I think the key highlights are that the objective response rate that we're seeing this heavily pretreated population is higher than what we would expect for traditional immunotherapy combination. We are also seeing that the safety profile has been comparable to what we would expect for traditional immunotherapy. I think what's also unique with this combination is that we are seeing very little high-grade visceral toxicity outside the gastrointestinal tract. That is unique for this combination and good for our patients.

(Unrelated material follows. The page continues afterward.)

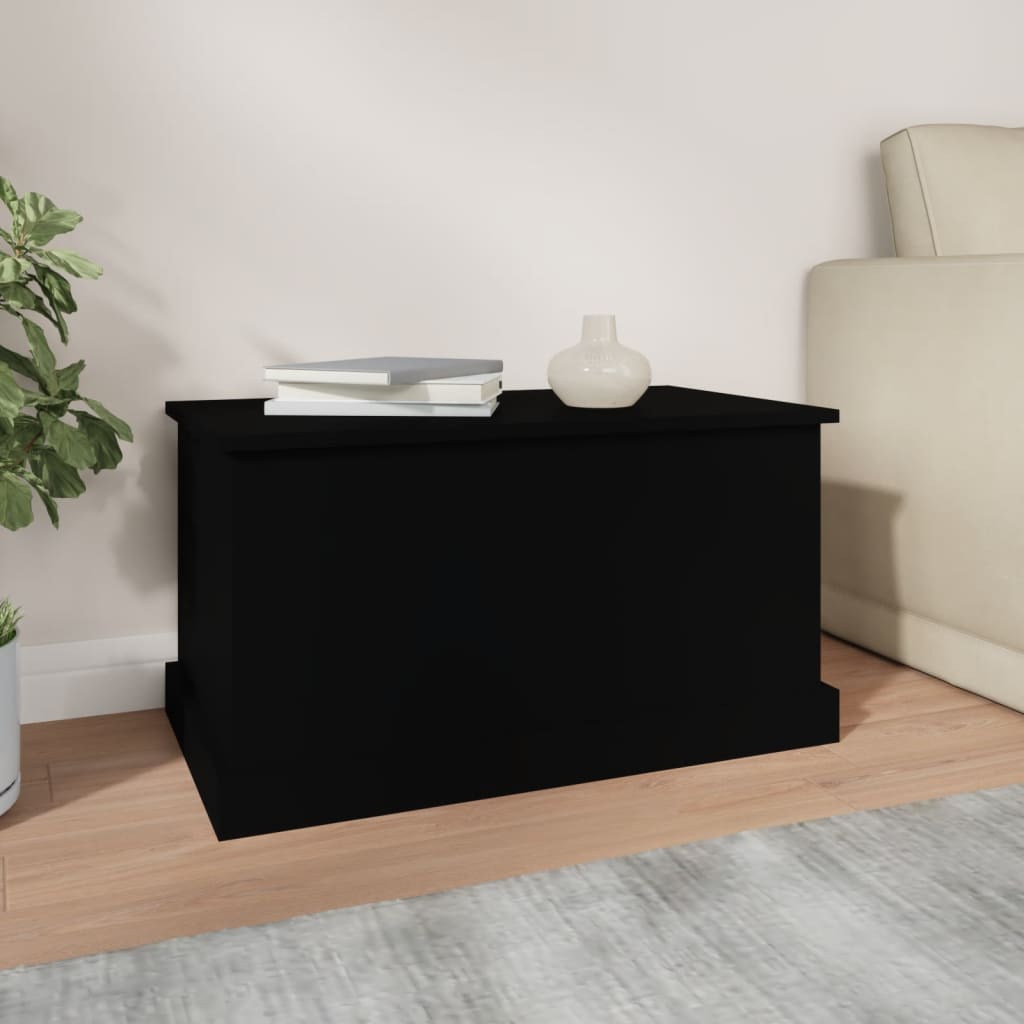 8720845793951_g_en_hd_1 vidaXL Storage Box Black 70x40x38 cm Engineered Wood - Image 3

The trial is ongoing, so we continue to enroll patients with ovarian cancer, as well as endometrial cancer.
What other exciting data were presented during SGO?
I was excited to see my colleagues discussing novel targets for immunotherapy during the same plenary session. I'm hopeful to see immunotherapy moving forward in ovarian cancer. It's a tumor type for which immunotherapy has not helped. We urgently need better treatment options for these patients.
Bockorny B, Matulonis UA, O’Day SJ, et al. Botensilimab, a novel innate/adaptive immune activator, plus balstilimab (anti–PD-1) in patients with recurrent platinum refractory/resistant ovarian cancer. Presented at: 2023 SGO Annual Meeting on Women’s Cancer; March 25-28, 2023; Tampa, Florida.